-- Dataset content follows --

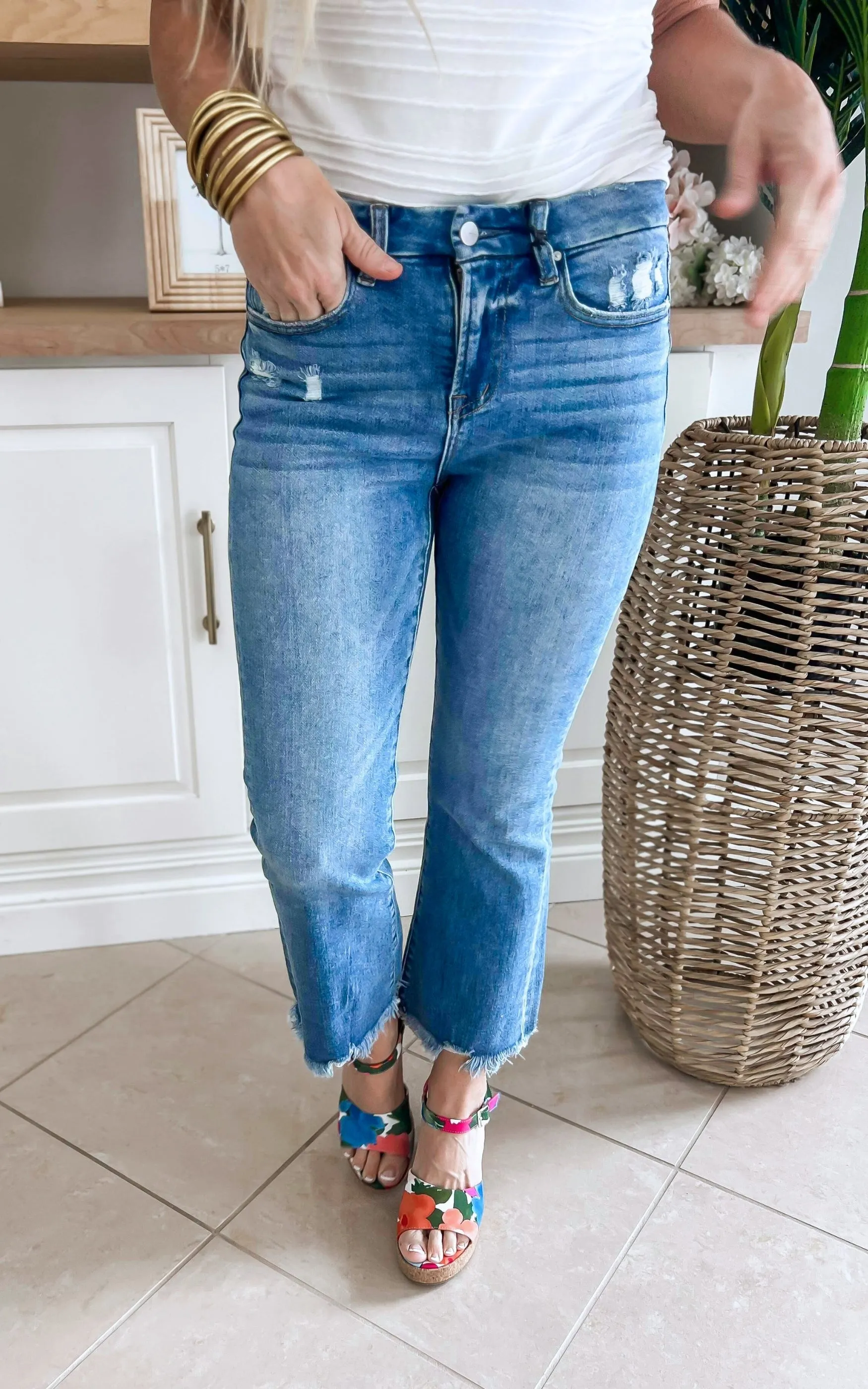 The Abby High Rise Crop Flare Denim Jean | Mica*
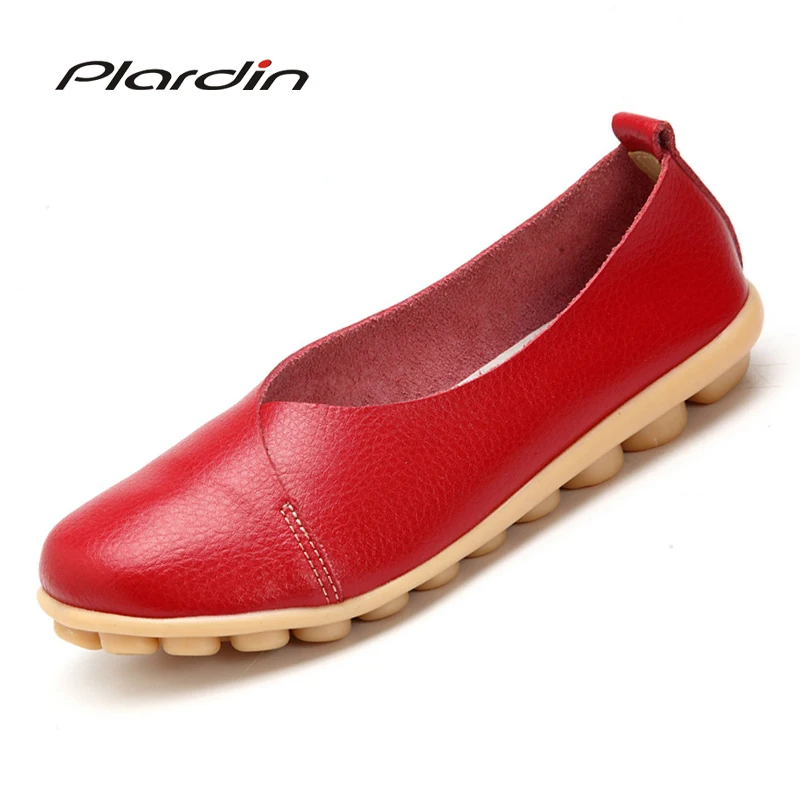 Plardin/2019 ручной работы кожа для женщин большие размеры Вышивание туфли без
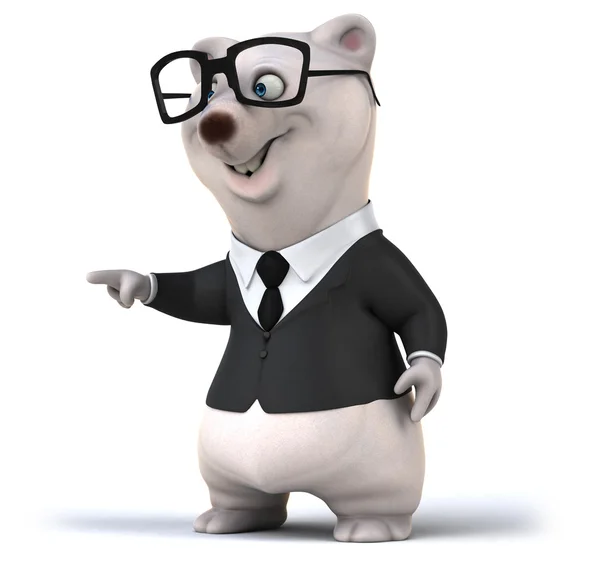 Fun bear in suit and glasses — Stock Photo, Image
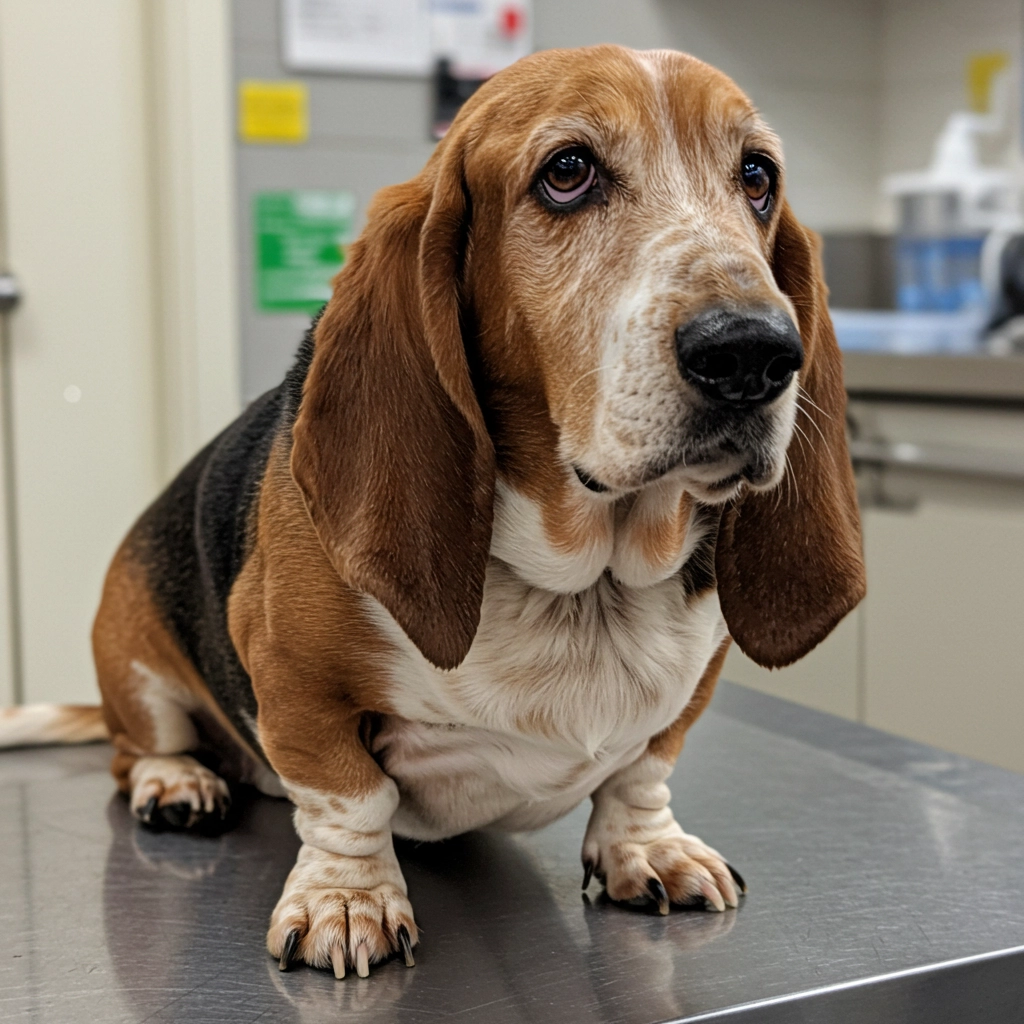 Senior Basset Hound sitting on a veterinary table, looking up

-- Dataset content concluded --

> _Instructions to follow_
Set down the material again exactly. Don't carry over any pictures.

> _Solution below_
 The Abby High Rise Crop Flare Denim Jean | Mica*
 Plardin/2019 ручной работы кожа для женщин большие размеры Вышивание туфли без
 Fun bear in suit and glasses — Stock Photo, Image
 Senior Basset Hound sitting on a veterinary table, looking up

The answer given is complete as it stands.